WORK ITEM → Both the line below containing "A New Guinness" and the line containing "Adult 1 - Simulation", along with every line between them, should be repeated exactly; no other line belongs in the answer.

EXTRACTED INFORMATION →
..............................

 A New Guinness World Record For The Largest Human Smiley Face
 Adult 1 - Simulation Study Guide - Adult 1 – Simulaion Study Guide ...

..............................

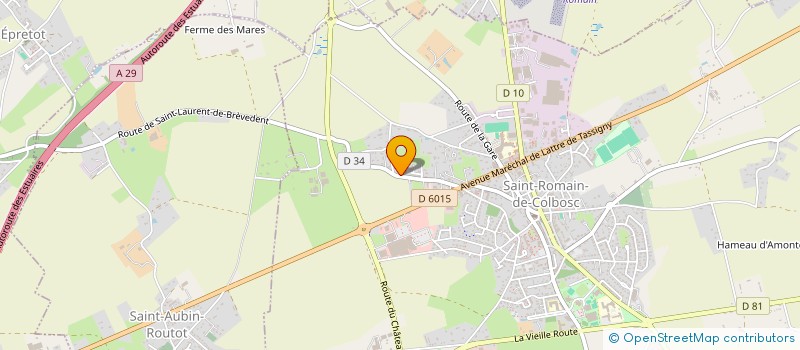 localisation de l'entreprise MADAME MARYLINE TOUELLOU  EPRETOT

..............................

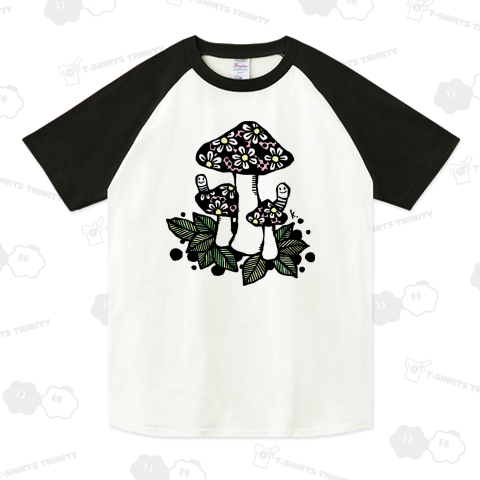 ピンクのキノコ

..............................

SOLUTION FOR THIS PROBLEM →
 A New Guinness World Record For The Largest Human Smiley Face
 Adult 1 - Simulation Study Guide - Adult 1 – Simulaion Study Guide ...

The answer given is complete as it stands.